#### Goal of the exercise
Reproduce, from the lines below, exactly the stretch that begins at the line containing "Setuply™ Seashore Bedroom" and ends at the line containing "Romanette Luxe Hoeslaken", both included.

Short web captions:
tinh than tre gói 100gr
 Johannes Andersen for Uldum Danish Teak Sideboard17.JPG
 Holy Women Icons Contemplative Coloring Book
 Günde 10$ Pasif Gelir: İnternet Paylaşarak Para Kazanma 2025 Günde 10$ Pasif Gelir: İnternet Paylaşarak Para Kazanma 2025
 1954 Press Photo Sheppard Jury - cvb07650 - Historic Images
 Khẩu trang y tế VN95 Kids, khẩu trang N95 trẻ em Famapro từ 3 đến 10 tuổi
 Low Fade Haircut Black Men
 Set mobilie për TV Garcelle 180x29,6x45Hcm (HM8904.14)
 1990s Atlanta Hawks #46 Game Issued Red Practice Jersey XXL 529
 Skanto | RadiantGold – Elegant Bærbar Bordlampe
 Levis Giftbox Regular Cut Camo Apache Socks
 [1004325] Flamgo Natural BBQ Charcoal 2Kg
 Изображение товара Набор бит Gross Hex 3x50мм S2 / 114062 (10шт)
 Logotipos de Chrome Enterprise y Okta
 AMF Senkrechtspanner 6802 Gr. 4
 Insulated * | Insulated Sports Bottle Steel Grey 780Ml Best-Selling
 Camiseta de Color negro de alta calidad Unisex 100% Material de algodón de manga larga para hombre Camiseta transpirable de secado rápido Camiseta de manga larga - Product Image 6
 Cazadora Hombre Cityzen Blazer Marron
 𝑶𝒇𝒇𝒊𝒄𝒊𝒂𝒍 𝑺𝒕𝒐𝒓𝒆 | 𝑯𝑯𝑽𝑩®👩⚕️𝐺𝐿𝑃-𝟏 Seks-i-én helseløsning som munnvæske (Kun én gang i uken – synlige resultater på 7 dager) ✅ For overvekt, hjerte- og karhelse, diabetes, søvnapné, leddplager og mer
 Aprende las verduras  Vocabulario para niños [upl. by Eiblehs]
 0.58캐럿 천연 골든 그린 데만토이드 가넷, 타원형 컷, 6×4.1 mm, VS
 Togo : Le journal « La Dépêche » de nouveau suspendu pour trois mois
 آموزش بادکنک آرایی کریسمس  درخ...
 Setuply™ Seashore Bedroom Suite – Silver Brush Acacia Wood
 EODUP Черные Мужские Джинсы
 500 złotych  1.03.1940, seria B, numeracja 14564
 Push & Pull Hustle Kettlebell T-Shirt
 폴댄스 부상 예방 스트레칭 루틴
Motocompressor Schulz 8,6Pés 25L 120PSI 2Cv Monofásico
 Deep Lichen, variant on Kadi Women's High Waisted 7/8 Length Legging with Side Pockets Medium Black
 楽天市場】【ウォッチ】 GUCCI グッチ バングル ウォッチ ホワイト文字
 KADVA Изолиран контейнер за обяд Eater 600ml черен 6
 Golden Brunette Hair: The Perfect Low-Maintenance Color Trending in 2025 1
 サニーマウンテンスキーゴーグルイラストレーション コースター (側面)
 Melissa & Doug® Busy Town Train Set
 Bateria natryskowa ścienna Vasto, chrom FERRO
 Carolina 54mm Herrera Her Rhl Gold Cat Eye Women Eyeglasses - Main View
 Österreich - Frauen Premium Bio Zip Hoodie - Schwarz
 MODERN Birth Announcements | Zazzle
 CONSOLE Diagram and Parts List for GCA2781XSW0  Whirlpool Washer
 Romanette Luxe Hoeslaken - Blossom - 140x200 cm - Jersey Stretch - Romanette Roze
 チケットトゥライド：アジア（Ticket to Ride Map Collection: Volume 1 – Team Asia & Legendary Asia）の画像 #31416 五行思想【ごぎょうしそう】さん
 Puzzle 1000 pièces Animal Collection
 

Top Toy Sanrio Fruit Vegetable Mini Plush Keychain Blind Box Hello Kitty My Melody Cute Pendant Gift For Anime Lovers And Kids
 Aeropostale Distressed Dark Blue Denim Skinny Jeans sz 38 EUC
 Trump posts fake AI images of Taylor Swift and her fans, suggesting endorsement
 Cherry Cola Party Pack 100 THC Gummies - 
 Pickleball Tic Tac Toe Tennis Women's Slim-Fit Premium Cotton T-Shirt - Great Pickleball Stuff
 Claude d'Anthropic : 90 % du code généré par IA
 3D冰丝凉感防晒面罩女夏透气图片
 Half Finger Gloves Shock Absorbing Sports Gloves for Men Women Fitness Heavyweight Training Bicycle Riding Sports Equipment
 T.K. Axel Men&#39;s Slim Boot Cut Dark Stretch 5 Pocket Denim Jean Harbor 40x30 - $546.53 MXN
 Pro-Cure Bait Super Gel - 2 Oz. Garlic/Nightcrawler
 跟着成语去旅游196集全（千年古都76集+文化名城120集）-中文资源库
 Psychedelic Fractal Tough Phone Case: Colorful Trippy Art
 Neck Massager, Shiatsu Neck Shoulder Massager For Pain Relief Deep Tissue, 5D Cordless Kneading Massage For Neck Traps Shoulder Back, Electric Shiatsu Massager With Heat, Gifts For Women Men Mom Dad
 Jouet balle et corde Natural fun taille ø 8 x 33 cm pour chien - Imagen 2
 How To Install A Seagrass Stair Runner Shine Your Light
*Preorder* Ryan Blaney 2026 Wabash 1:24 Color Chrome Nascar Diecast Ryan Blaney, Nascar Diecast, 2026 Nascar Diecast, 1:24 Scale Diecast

#### Result of the exercise
 Setuply™ Seashore Bedroom Suite – Silver Brush Acacia Wood
 EODUP Черные Мужские Джинсы
 500 złotych  1.03.1940, seria B, numeracja 14564
 Push & Pull Hustle Kettlebell T-Shirt
 폴댄스 부상 예방 스트레칭 루틴
Motocompressor Schulz 8,6Pés 25L 120PSI 2Cv Monofásico
 Deep Lichen, variant on Kadi Women's High Waisted 7/8 Length Legging with Side Pockets Medium Black
 楽天市場】【ウォッチ】 GUCCI グッチ バングル ウォッチ ホワイト文字
 KADVA Изолиран контейнер за обяд Eater 600ml черен 6
 Golden Brunette Hair: The Perfect Low-Maintenance Color Trending in 2025 1
 サニーマウンテンスキーゴーグルイラストレーション コースター (側面)
 Melissa & Doug® Busy Town Train Set
 Bateria natryskowa ścienna Vasto, chrom FERRO
 Carolina 54mm Herrera Her Rhl Gold Cat Eye Women Eyeglasses - Main View
 Österreich - Frauen Premium Bio Zip Hoodie - Schwarz
 MODERN Birth Announcements | Zazzle
 CONSOLE Diagram and Parts List for GCA2781XSW0  Whirlpool Washer
 Romanette Luxe Hoeslaken - Blossom - 140x200 cm - Jersey Stretch - Romanette Roze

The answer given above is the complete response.